City investigators probing the City Council slush fund scandal are examining the relationship between lobbyists, council members, and nonprofit organizations seeking public funding from the city, a source said.
Bringing lobbyists into the picture would be a logical extension of the city's Department of Investigation probe of the council's finances and distribution of public funds, which has led to the indictment of two council aides for allegedly embezzling $145,000 from a city-funded organization. The U.S. attorney's office also is investigating the City Council.
Many organizations seeking funding from the city hire lobbyists to represent them at City Hall and help compete for public dollars.
There has been a renewed focus on the intersection of lobbying and public officials in New York after FBI agents last week raided the Albany offices of the lobbying and consulting firm of a former head of the state Republican Party. Investigators were trying to determine whether a former member of Congress, John Sweeney, was collecting money outside of campaign contributions in return for steering business to the firm, sources said.
A lawyer for Mr. Sweeney, E. Stewart Jones Jr., told the New York Times the raid was "an unnecessary exercise."
"There is absolutely no evidence to justify any conclusion of wrongdoing ... not by John Sweeney, not by his wife," he said.
The city's lobbying industry has ballooned in recent years. In 2006, the most recent year that data from the City Clerk's office was available, lobbyists collected more than $44 million in revenue. In 2001, the lobbying industry in the city earned less than $20.5 million.
Some city lobbyists also work as political consultants to council members, a dual role that has drawn criticism from some government observers who say the practice could lead to abuse or expose lobbyists to unnecessary conflicts of interest. The practice is legal.
"One would expect that if the U.S. attorney is looking at the council and the slush fund and the council's relationship to nonprofits, it's almost inevitable that they would begin examining lobbyists because they are often the intermediaries between council members and organizations," a professor of political science at Baruch College, Douglas Muzzio, said, noting that some lobbyists are partly responsible for helping get the officials for which they are lobbying elected to public office. "Lobbyists/consultants play a pivotal role in the process."

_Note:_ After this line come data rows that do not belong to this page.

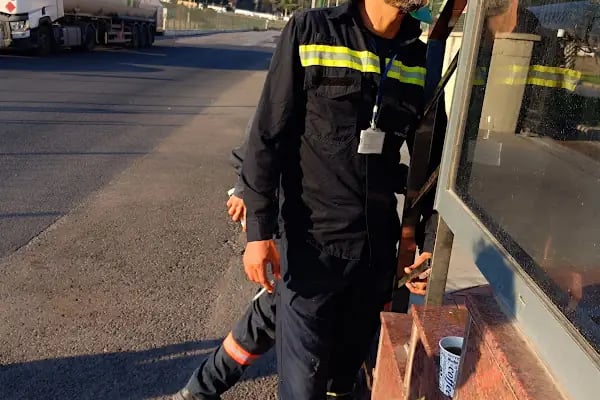 EgeGaz Aliağa LNG Terminali - Resim 4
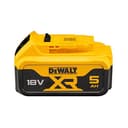 DEWALT DCB184-XJ 18V XR 5Ah Li-Ion Battery Pack thumbnail 7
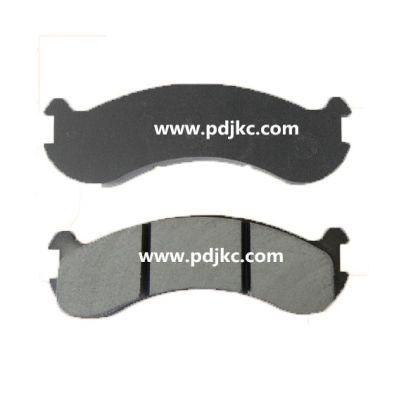 Industrial Truck Disc Brake Pads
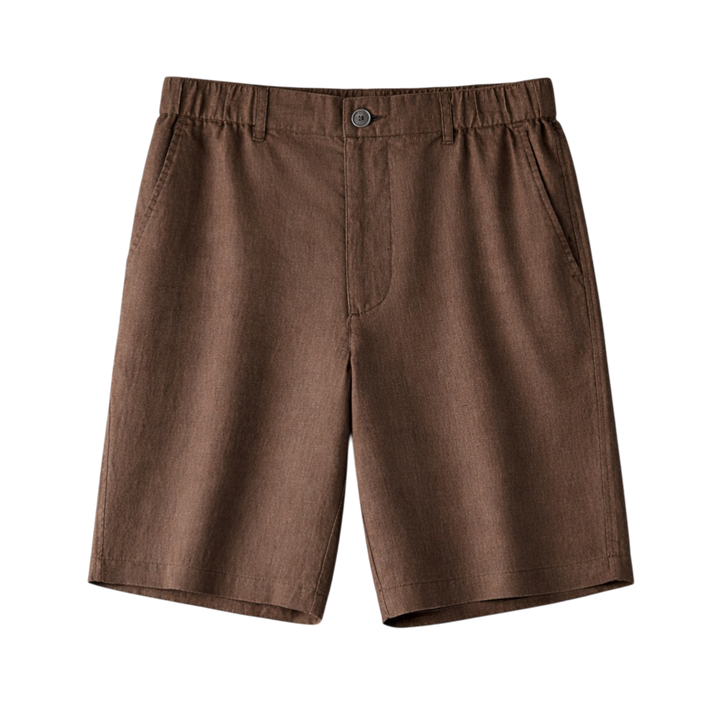 Belgrave Linen Short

A spokeswoman for the Department of Investigation declined to comment.
The council slush fund scandal began in April, when it was disclosed that the council had been stashing millions of dollars behind fictitious groups in the budget, creating a fund the council speaker could dip into during the year to reward favored colleagues or organizations. Since 2001, more than $17 million was hidden in the budget, with $4.7 million set aside under the current council speaker, Christine Quinn.
Some of the money ultimately ended up going to an organization known as the Donna Reid Memorial Education Fund. The two indicted aides, who worked for Council Member Kendall Stewart of Brooklyn, allegedly stole from the organization.
The council's system of distributing money to local organizations at the request of individual council members is undergoing changes in the aftermath of the scandal, with nonprofits seeking funding now required to show they have the ability and experience to deliver the services they say they will deliver.
A former director of the New York Civil Liberties Union, Norman Siegel, who filed a motion requesting a judicial inquiry into the council's appropriation of city funds to fake groups, said he is seeking a hearing that would require witnesses to testify under oath "because the public needs to know how the process of budgeting is occurring in the 21st century with the City Council."
"All of these sources and leaks don't really put the picture together properly," he said.